Sheila Video 1 ("See Sheila Run")
Sheila Video 2 ("Meet Barkley")
Sheila Video 3 ("Play time")



7 August 2004

Our cable company recently went through a big upgrade (which involved lots of men crawling around in our back yard, climbing poles, reception outages, etc.) The end result, however, was an increase in the number of channels available to us. Most of them are channels I would never be interested in, but the one biggie that has been added is The Food Channel.

I was always surprised that The Food Channel, which runs continuously over the meat bin at Nugget Supermarket and which seems to rank up there with the shopping channels in popularity with stay-at home people (male and female...I really got hooked on it when I stayed in Houston for six weeks, helping to take care of my friend Bill, who lived for the home improvement and food channels) wasn't a no brainer for inclusion among our choices.

But now we have The Food Channel and when there is nothing else on, I put The Food Channel on in the background. Already it has had a major impact.

After watching Wolfgang Puck steam fish, I now own a bamboo steamer and a package of halibut steaks (which I’ve never cooked before) and a bunch of things to put in the steaming liquid, as well as a bunch of baby bok choy, which I’m not wild about, but which is part of the recipe.

I’ve obviously gone over the edge.

I wandered around Nugget Market with my list, ready to make Puck’s steamed fish, a recipe marked as "moderately difficult," and it hit me yet again what a lazy country we’ve become. Is it any wonder that we are such a fat country when everything is pre-packaged, pre-marinated, pre-everything and all we have to do is plop it in the oven (or better yet, the microwave) and have dinner on the table in a matter of minutes.

I guess what got me thinking about this was coming across a display for a "s’mores kit."

A s’mores kit???

You don’t make s’mores from a kit, for Pete’s sake. For s’mores, you need an open fire, a long stick (the grubbier the better) a bag of marshmallows that drop in the dirt from time to time, a Hershey bar and some graham crackers that break when you try to remove them from the package.

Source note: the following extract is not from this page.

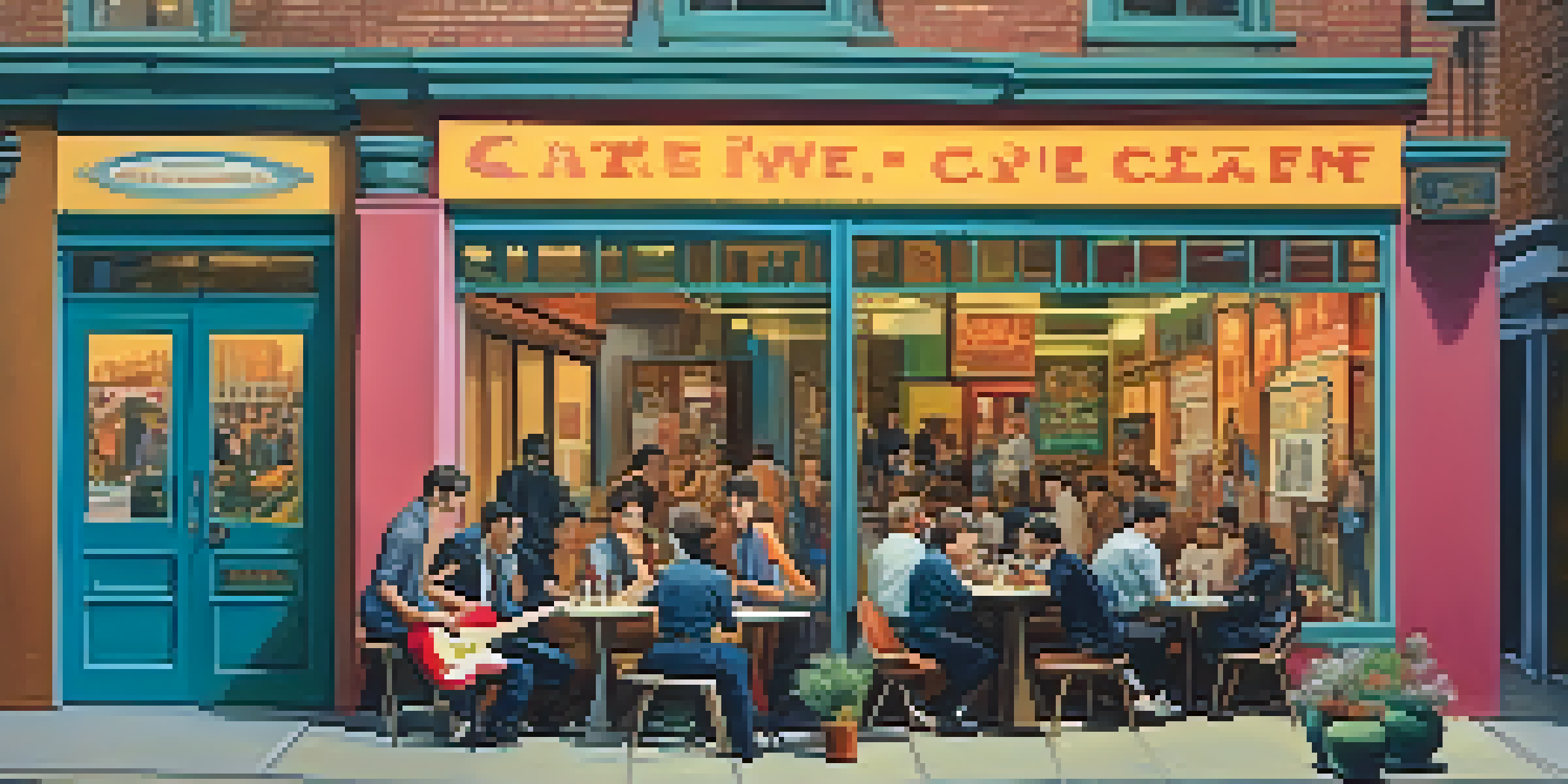 A lively street scene in Seattle from the 1960s with young musicians playing in a cozy café, illuminated by warm golden hour light.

You thread your marshmallow on the stick and put it on or over the open fire. When it catches on fire (which it usually does), you blow it out and then you take the black-charred marshmallow with the gooey center, put it on a slab of chocolate on a square of graham cracker, smush the whole thing together and eat. Then you repeat, putting a new marshmallow on the now-sticky stick, getting your fingers all sticky as well.

That’s half the fun.

But this kit was a nice little hibachi, two little bowls the length of a double graham cracker so you could stack up your crackers on one side, your candy bars on the other, with two little bowls of marshmallows and some cute little forks to put the marshmallows on.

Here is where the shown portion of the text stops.